2 Responses to #WadGate: Labour announces inquiry into Tory leader’s cash

  1. The only way that any inquiry into #WadGate or Elverygate will have any validity at all is if it is chaired by someone who has nothing at all to do with Croydon, no stake in the Borough and no possible interest in the outcome.

    Worthy as she seems, Anne Smith is not that person.

  2. Gutter politics.

    When Labour was in control of the council they introduced this allowance system so that most of their councillors had no other income could earn some money out of the tax-payer.

    This increased the budget by £1.4 million and to cover that and other over spend they had to increase the Council Tax by 27%.

    The Tories who made such a big issue about the 27% Council Tax rise failed to bring the Council Tax to the same levels as before. I do agree that part of the increase was for the London Mayor Ken Leavingsoon and then Boris Johnson (the one who got on the wrong train to East Dulwich, not East Croydon).
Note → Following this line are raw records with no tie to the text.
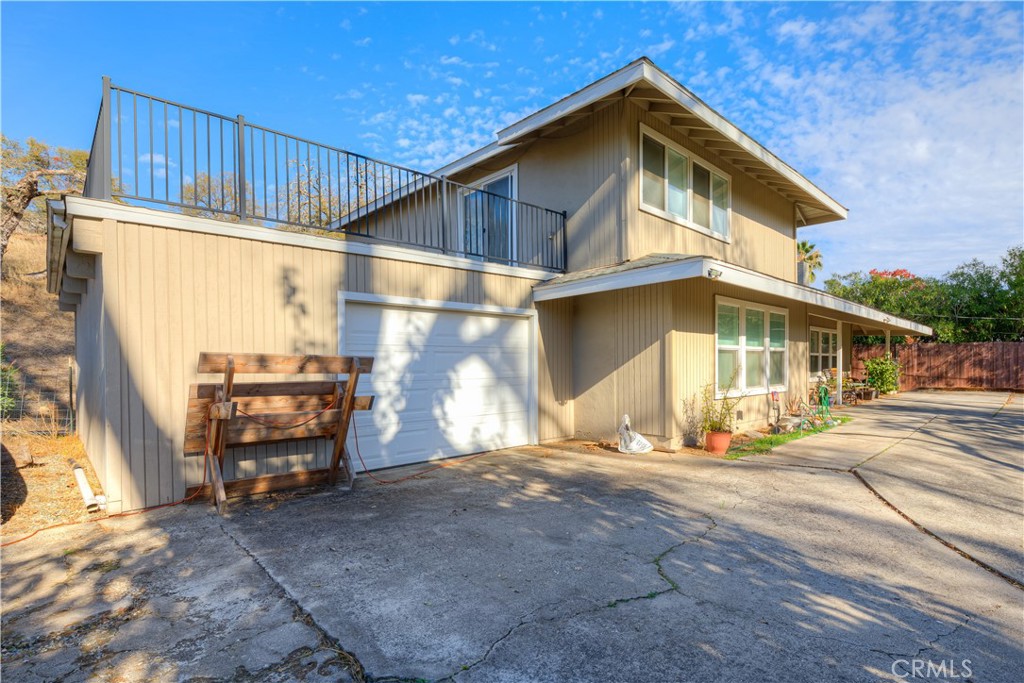 MLS #OR25252742 image #29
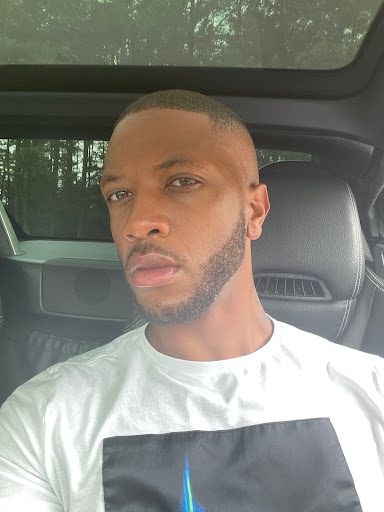 Barber Shop «Dominican Barbershop», reviews and photos, 2077 Beaver Ruin Rd #100b, Norcross, GA 30071, USA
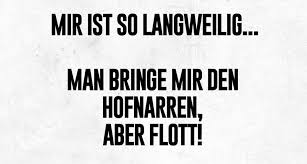 Mesa selimovic zitate auf deutsch / 2.ovo je priča o pokušajima derviša ahmeda nurudina, šejha mevlevijskog reda, za vrijeme otomanske vladavine u bosni, da spasi brata gradeći ovaj glavni lik u romanu derviš i smrt, meša selimović je čitaocu dao umjetničku viziju čovjeka, tj. Mir Ist Langweilig Seelenspruche Mir Ist So Langweilig Zitate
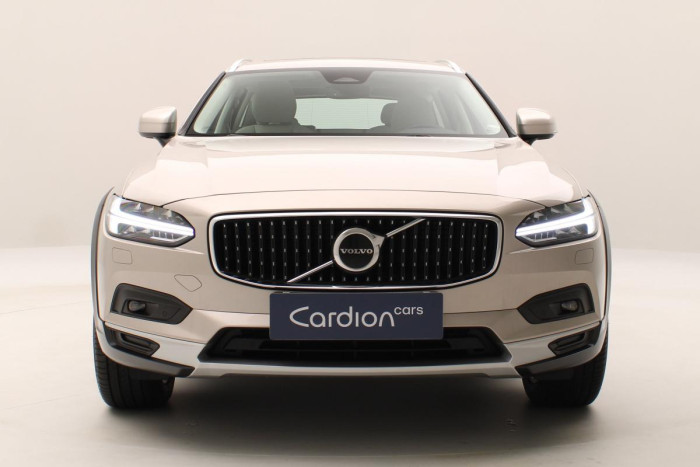 Volvo V90 B4 AWD CROSS COUNTRY ULTIMATE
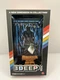 Culturefly 3DEEP VHS Movie Friday The 13th Part 3 2024 Walmart Exclusive HTF NEW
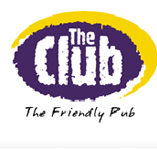 Club Hotel - Accommodation QLD
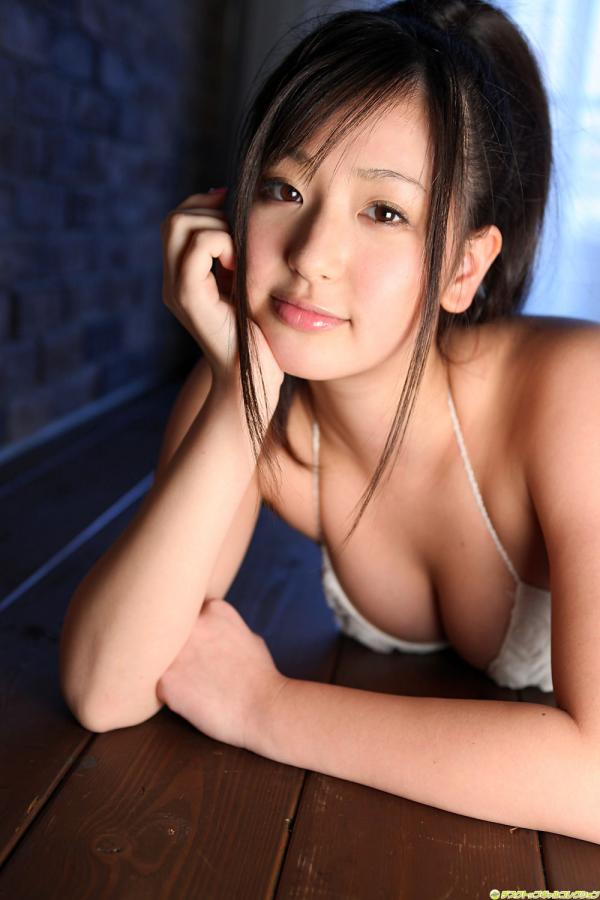 村上友梨   村上友梨-[DGC]高清写真图套图写真图集No.949第119张图片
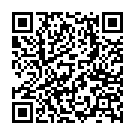 C&oacute;digo QR con el enlace al titular Un hombre amenaza con meterse en el agua con un bebÃ© en la playa asturiana de San Lorenzo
    If councillors have no other source of income (pension or another job), it is perfectly reasonable to claim an allowance provided they spend more hours doing council work.

    Some councillors claimed that they worked 80 hours a week including their full-time jobs. If one works 80 hours a week then he or she can’t be productive .

    It is morally wrong for the cabinet members to claim £43,000 for part-time work, when council officers who actually do the job are not paid that amount for their full-time job.

    I am a Conservative but for a very good reason I am with the TUC on this one.